Personal information
- Full name: James Cameron
- Born: 20 September 1979 (age 46) Johannesburg, Transvaal Province, South Africa
- Batting: Right-handed
- Bowling: Right-arm fast-medium

Domestic team information
- 2000: Nottinghamshire Cricket Board

Career statistics
| Competition | LA |
| Matches | 1 |
| Runs scored | 6 |
| Batting average | 6.00 |
| 100s/50s | –/– |
| Top score | 6 |
| Balls bowled | 24 |
| Wickets | – |
| Bowling average | – |
| 5 wickets in innings | – |
| 10 wickets in match | – |
| Best bowling | – |
| Catches/stumpings | –/– |
- Source: Cricinfo, 21 November 2010

= James Cameron (South African cricketer) =

South African cricketer (born 1979)

James Cameron (born 20 September 1979) is a former South African cricketer.
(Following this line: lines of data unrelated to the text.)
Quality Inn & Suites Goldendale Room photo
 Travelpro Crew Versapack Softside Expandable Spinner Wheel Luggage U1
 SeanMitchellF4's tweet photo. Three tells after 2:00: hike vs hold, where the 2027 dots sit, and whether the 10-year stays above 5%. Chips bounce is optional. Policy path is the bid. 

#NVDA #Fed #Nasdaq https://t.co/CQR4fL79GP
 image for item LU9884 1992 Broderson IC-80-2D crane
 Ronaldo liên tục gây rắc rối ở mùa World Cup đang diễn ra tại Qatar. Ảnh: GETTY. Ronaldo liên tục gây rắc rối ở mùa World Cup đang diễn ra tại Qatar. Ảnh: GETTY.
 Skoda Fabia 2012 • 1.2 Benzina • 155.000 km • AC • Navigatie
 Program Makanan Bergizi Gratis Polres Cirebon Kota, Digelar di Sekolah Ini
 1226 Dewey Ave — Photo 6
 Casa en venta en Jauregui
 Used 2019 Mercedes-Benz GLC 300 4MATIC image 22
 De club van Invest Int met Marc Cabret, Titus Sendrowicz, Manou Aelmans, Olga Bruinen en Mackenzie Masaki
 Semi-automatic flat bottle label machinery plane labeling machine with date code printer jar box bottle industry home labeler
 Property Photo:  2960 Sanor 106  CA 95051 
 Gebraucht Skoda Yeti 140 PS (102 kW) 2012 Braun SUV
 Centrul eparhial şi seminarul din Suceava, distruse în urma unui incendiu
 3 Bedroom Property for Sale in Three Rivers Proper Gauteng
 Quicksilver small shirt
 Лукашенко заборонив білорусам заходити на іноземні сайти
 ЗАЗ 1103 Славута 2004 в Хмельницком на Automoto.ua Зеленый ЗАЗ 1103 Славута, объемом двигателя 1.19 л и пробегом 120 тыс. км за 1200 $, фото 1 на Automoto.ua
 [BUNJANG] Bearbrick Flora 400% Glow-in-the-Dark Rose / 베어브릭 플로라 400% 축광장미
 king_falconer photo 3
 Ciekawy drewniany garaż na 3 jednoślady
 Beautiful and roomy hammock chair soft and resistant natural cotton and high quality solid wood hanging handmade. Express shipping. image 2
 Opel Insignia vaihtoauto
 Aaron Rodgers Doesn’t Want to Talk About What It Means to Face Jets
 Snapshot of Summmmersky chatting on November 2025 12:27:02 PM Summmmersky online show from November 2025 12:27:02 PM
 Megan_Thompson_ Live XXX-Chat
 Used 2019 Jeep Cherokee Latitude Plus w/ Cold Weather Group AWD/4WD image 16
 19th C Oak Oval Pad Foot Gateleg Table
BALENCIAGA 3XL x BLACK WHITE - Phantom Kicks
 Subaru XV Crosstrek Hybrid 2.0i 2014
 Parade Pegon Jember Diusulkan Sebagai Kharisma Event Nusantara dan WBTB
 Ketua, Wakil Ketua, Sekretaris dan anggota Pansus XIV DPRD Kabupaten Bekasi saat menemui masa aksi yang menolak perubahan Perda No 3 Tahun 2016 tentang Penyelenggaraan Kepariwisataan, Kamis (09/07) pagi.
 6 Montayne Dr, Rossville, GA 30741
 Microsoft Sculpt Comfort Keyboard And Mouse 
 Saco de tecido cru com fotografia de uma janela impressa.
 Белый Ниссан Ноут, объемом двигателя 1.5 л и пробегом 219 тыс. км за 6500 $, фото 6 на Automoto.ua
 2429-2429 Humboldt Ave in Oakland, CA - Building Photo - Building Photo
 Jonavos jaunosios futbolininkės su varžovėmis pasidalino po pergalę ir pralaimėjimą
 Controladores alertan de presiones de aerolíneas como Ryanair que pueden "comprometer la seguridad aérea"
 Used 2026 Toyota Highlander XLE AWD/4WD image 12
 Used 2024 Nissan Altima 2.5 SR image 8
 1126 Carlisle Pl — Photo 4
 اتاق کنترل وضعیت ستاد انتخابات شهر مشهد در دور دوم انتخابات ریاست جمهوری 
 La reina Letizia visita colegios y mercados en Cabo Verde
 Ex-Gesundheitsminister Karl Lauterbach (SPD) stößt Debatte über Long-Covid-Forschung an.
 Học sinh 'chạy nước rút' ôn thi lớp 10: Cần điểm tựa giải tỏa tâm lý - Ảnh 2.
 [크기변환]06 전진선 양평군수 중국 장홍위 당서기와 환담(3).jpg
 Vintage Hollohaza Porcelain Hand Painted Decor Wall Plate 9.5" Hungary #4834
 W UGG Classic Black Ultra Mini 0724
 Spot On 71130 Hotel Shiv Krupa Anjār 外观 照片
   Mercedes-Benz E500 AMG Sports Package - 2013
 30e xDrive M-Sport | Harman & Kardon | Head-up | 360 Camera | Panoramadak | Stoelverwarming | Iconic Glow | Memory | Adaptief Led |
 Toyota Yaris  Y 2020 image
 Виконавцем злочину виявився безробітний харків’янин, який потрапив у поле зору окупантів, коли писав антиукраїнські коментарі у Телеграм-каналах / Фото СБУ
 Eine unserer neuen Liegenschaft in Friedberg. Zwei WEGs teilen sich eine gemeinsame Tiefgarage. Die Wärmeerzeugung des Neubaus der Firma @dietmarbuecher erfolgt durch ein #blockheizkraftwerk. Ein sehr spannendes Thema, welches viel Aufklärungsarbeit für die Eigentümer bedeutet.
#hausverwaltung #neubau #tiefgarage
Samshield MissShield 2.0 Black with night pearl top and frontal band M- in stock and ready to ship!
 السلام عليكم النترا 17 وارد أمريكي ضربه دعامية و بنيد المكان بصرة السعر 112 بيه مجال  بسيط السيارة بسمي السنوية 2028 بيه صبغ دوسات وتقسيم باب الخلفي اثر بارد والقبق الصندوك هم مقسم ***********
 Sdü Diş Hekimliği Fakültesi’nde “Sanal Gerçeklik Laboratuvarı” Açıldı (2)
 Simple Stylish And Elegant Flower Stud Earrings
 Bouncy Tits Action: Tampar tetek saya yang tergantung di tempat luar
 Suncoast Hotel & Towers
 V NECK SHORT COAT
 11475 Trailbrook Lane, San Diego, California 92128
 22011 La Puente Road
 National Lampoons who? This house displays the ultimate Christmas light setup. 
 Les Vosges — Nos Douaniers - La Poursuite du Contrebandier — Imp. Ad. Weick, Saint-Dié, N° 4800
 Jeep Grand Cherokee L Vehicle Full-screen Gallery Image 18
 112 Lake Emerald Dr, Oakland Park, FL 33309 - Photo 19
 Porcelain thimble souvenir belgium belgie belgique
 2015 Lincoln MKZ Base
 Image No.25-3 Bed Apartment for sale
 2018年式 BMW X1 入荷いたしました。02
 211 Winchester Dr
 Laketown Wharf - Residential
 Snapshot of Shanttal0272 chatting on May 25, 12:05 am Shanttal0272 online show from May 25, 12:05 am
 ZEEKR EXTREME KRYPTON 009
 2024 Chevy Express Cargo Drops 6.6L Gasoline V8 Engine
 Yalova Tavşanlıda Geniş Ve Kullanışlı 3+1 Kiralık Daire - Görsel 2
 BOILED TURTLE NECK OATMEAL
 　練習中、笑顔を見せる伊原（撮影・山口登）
Cameron was a right-handed batsman who bowled right-arm fast-medium. He was born in Johannesburg, Transvaal Province.

Cameron represented the Nottinghamshire Cricket Board in a single List A match against the Gloucestershire Cricket Board in the 1st round of the 2000 NatWest Trophy. In his only List A match he scored 6 runs and bowled 4 wicket-less overs.